Luckily, our brains our neuroplastic. That means that if we didn’t get the warm responsiveness we needed as infants and children and young adults, we can get that resonance now, and with repetition, our brains will slowly form new neural pathways that expect welcome of our full aliveness, that trust that our intense emotions will be warmly accompanied, that allow us to reach out for help when we need it—so that we never have to give up on ourselves or each other or the world.
When Do You Give Up?
Which of your own emotions overwhelm you, collapse you, freeze you? Fear? Anger? Sadness? Helplessness? Shame? Panic?
You can tell you’re overwhelmed by your emotions or the emotions of others the second your judgments, assessments, blame, labels, and conclusions start flowing. This is your logical left brain’s way of trying to calm down your emotional right brain, if your left brain wasn’t taught that your right brain can be way better soothed with empathy and resonance.
When you notice the judgmental conclusions start to flow, when you feel like giving up, this is an emergency signal that it’s time to reach out for warmth, for empathy, for resonance.

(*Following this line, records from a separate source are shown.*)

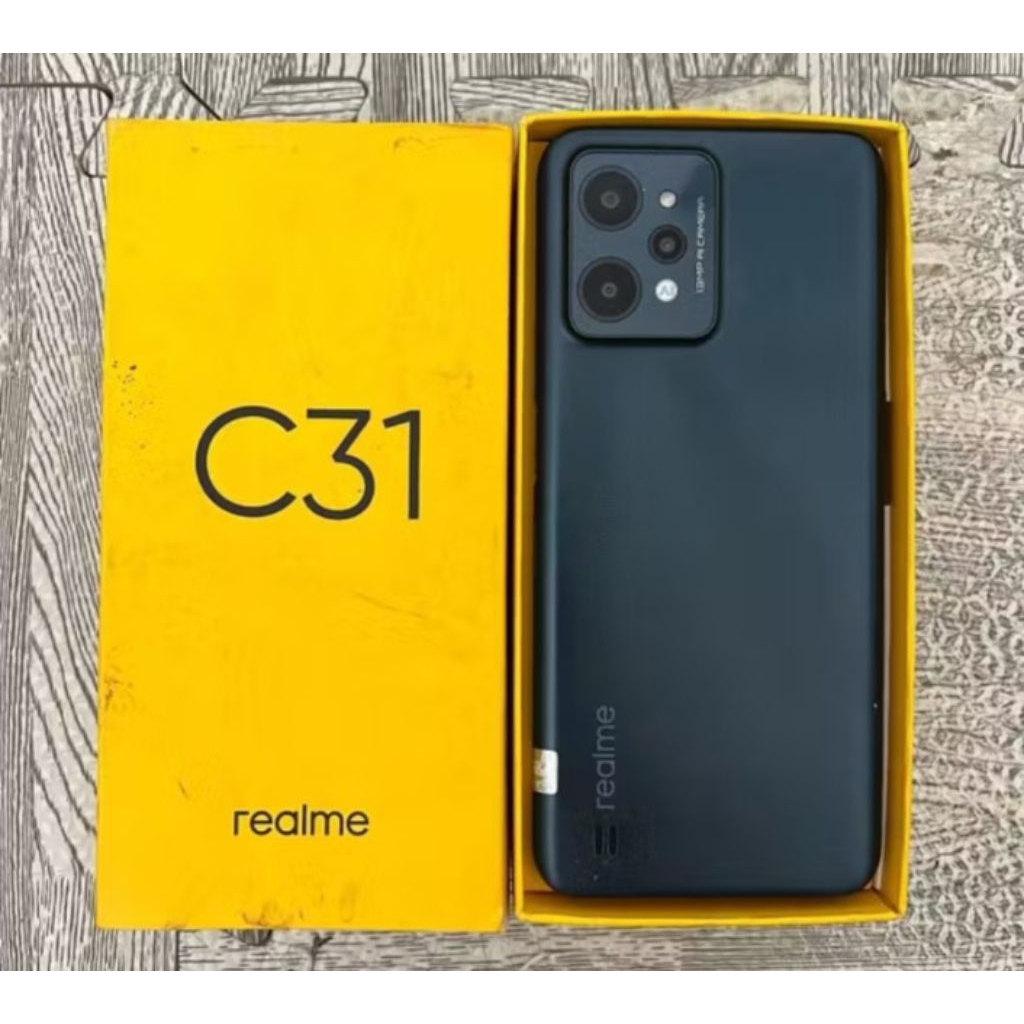 realme c31 ram4/64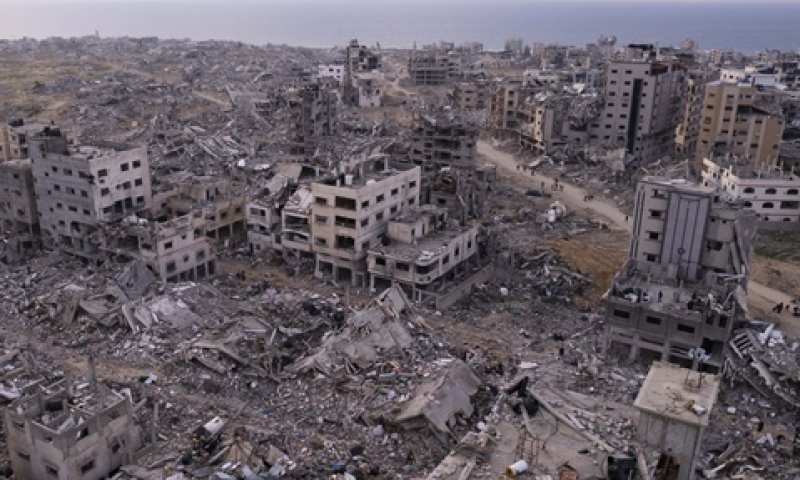 טענות להסכמות בין השליח לראש הממשלה [צילום: מוחמד אבו סאמרה, AP]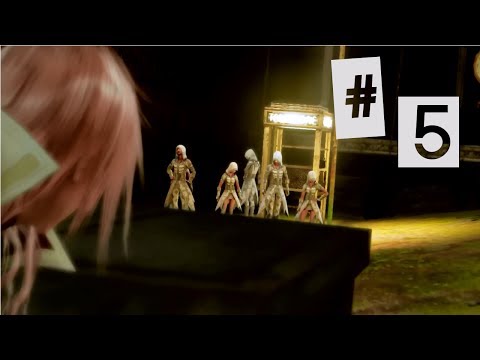 Worst Stealth Ever! - Lightning Returns Walkthrough Part 5 (FFXIII)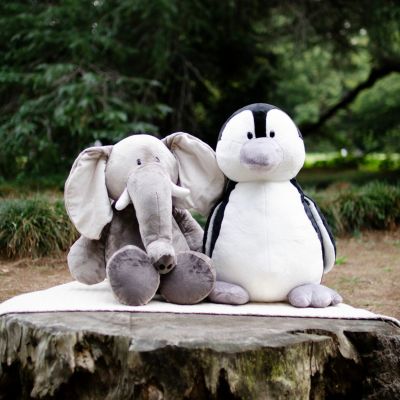 NICI(ニキ)XXL ペンギン グレー ぬいぐるみ 70cm | entresquare.com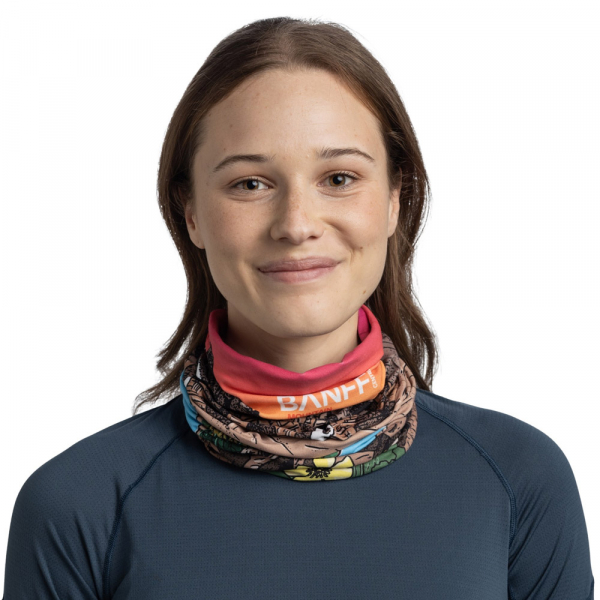 Пов'язка на шию Buff Original Ecostretch Banff 2526 - фото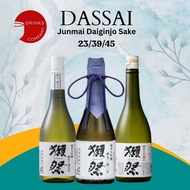 DASSAI 23/39/45 JUNMAI DAIGINJYO 16% 720ML/1800ML - Japanese Sake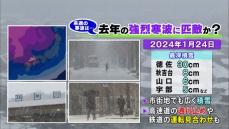 【山口天気 朝刊1/31】1月最終日は晴れ間&気温2桁　週末は本降りの雨～来週は今季一番の強烈寒波に万全の備えを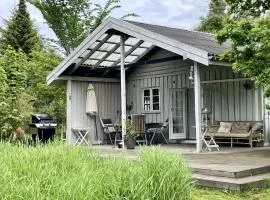Seaside Cabin With Ocean View In Odsherred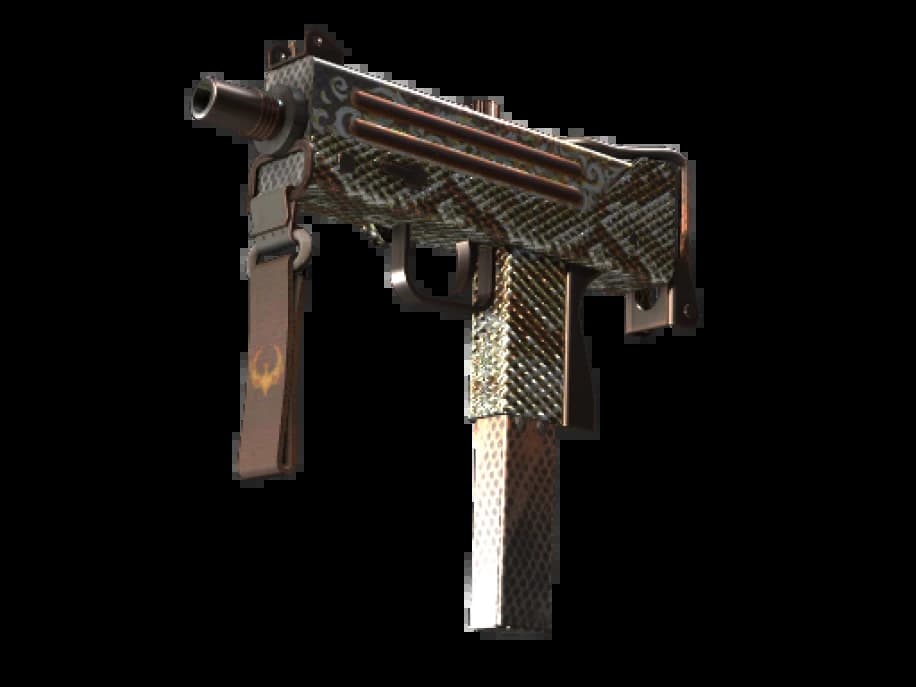 MAC-10 | Ужи на сковородке (Немного поношенное)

Where There’s a Will, There’s a Way—And That Way Is Together
What matters most to you, in your life and in the world? Do you want a life filled with authentic intimacy, supportive community, meaning and purpose, and emotional and physical wellness for all beings? Do you want to fulfill your life’s unique purpose by contributing what only you can offer the world?
Acknowledge your dreams, dearests. And then reach out for resonant companionship in holding your dreams, in stepping toward your dreams, in not giving up on your dreams.
Living our dreams make this life worth living, and make this chaotic world worth loving and worth nurturing. You don’t have to give up. You don’t have to go it alone.